まだ記憶に新しい、現代文の授業でのことがじわじわと頭に浮かんでくる。湊は笑いを隠しきれずにちょっと吹き出した。

「誰だっけ? 石炭をばはや積み果てつを、石炭をばばや積み果てつって読んだの。挙げ句に、"石炭をおばあさんが積んで死にました"って訳し」

「うるさい! ……優太、行くぞ」

羞恥にぷるぷると震えながら、遥は優太の手を取ってずんずんと歩き始める。ばいばーい、と優太が笑顔で湊に手を振った。

「ちょ、何それ! まだ会計してな」

「兄ちゃんやってきて。俺、はるちゃんとお茶飲んでくる」

スーパーの一角によくある休憩場所で、無料の茶を飲む気らしい。ぽつんとひとり残された湊は、しぶしぶカートを押してレジに向かった。
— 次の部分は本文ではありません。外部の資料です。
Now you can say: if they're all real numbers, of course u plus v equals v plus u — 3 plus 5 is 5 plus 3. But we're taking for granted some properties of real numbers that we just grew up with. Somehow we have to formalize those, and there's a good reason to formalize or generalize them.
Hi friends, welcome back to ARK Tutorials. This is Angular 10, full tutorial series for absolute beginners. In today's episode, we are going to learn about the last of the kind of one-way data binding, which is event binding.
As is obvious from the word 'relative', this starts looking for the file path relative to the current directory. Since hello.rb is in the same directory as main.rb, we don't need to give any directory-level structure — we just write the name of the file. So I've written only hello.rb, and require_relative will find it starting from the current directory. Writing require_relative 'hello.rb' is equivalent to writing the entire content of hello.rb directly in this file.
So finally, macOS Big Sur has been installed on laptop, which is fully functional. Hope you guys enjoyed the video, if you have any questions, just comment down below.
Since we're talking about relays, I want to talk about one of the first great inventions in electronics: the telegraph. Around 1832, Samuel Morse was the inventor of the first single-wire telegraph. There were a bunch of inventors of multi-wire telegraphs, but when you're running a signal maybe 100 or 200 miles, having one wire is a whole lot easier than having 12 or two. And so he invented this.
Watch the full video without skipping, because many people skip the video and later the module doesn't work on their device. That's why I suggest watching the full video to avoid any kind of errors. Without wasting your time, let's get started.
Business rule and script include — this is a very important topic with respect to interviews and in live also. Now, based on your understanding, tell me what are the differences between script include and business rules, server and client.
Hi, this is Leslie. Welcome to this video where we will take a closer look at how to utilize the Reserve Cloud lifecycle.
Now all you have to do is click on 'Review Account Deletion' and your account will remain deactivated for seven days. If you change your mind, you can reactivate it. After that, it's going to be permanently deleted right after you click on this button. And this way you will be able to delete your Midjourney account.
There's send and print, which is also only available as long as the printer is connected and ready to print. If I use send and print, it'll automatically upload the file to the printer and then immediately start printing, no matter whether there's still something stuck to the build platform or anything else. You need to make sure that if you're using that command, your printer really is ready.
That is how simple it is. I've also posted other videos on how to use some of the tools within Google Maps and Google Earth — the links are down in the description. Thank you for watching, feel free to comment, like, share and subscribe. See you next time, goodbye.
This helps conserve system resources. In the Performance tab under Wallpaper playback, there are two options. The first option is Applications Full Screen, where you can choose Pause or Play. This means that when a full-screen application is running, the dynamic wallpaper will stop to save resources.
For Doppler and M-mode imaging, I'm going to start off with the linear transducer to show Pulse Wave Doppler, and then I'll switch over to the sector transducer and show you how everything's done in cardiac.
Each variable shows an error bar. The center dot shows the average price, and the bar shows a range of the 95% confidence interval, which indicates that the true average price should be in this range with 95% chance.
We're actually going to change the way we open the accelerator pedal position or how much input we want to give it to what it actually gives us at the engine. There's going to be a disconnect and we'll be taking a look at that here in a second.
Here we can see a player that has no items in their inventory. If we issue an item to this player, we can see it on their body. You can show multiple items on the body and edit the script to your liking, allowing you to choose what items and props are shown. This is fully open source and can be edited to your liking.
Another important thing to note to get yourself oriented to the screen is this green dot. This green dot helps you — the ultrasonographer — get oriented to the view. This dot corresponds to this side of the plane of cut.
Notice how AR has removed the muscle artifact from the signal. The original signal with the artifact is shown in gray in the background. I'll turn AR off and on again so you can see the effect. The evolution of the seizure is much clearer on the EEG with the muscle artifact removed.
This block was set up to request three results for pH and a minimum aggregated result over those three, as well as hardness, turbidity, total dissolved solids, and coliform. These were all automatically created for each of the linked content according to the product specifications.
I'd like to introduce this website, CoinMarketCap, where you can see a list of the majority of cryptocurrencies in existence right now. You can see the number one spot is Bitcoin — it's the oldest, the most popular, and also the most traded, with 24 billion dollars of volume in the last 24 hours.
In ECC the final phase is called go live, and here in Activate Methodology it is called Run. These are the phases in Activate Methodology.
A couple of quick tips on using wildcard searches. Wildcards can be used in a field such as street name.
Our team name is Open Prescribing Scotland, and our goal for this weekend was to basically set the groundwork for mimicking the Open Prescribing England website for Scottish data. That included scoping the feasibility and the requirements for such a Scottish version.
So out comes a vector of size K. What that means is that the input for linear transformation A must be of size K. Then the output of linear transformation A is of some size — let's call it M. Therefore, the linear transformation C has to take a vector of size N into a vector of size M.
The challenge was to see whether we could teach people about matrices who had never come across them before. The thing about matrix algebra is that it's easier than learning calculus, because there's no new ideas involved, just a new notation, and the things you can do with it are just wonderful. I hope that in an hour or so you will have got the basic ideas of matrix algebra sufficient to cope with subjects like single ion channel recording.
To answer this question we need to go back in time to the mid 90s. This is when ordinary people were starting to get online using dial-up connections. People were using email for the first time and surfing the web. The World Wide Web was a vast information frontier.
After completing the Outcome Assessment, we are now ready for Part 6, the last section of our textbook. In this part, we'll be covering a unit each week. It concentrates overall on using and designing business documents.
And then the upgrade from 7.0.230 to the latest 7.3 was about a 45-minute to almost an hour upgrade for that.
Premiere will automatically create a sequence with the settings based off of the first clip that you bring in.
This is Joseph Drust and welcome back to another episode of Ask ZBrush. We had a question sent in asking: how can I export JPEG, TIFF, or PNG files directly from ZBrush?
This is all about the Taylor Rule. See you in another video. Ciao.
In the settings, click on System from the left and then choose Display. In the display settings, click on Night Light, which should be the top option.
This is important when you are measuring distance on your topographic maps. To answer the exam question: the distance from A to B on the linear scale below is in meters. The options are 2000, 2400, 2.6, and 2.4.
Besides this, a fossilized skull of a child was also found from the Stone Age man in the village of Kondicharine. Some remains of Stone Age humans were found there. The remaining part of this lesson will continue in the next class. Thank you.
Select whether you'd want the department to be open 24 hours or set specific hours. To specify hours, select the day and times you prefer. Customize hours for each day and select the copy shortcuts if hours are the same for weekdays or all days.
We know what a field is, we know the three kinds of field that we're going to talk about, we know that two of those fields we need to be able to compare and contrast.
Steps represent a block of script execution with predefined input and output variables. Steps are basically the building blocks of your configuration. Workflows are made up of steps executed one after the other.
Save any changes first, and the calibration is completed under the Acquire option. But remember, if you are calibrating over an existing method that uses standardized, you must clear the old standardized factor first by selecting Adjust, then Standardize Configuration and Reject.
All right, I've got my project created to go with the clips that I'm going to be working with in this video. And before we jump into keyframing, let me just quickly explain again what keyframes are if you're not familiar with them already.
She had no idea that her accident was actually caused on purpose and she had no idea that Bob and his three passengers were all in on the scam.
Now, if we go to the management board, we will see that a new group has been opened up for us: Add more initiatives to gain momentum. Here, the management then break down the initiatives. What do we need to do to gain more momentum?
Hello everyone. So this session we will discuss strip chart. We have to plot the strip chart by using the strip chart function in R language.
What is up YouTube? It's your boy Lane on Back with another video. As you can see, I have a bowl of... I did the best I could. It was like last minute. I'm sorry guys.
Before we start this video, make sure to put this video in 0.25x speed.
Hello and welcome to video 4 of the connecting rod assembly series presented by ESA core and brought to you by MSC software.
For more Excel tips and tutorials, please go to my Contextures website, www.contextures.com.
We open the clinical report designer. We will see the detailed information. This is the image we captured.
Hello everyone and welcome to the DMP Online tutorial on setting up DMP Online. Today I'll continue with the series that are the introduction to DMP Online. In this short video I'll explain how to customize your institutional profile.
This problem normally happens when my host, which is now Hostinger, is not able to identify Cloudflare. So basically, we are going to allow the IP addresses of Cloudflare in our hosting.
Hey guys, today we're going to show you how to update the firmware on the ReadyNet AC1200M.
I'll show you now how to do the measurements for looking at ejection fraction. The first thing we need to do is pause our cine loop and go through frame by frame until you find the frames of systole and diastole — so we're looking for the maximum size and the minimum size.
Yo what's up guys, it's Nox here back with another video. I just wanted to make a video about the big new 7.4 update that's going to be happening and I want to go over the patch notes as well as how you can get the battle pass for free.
買った食材をマイバッグに詰めていると、遥と優太が紙コップを捨てて戻ってくる。

「俺、自分の荷物とこれ持ったら大変なんだけど」

遥はほとんどの荷物を自宅に置いてきたが、湊はそのままだ。高校の持ち物に加えて食材まで持つと少し重い。優太は幼稚園の黄色の鞄を肩にかけて尋ねた。

「兄ちゃん、はるちゃんに重いの持たせるの? そういうの、かいしょうなしって言うんだよ?」

「……持てばいいんだろ、俺が。甲斐性なしはちょっと違うけどな」

きらきらした瞳で何という侮辱をするんだと、半ばぐったりした様子で湊は弟を見つめ、重い手提げ袋をよいしょと持ち上げる。手伝おうかと口にはしないものの、それでも遥がちらちら見てくるので湊は笑ってみせた。

「大丈夫。遥に持たせるのは俺も嫌だしさ。早く帰ろっか」

優太はこれ見よがしに遥と手まで繋いでいる。自宅の冷凍庫にあるピノは必ず自分のものにしよう、と湊はこっそり決心した。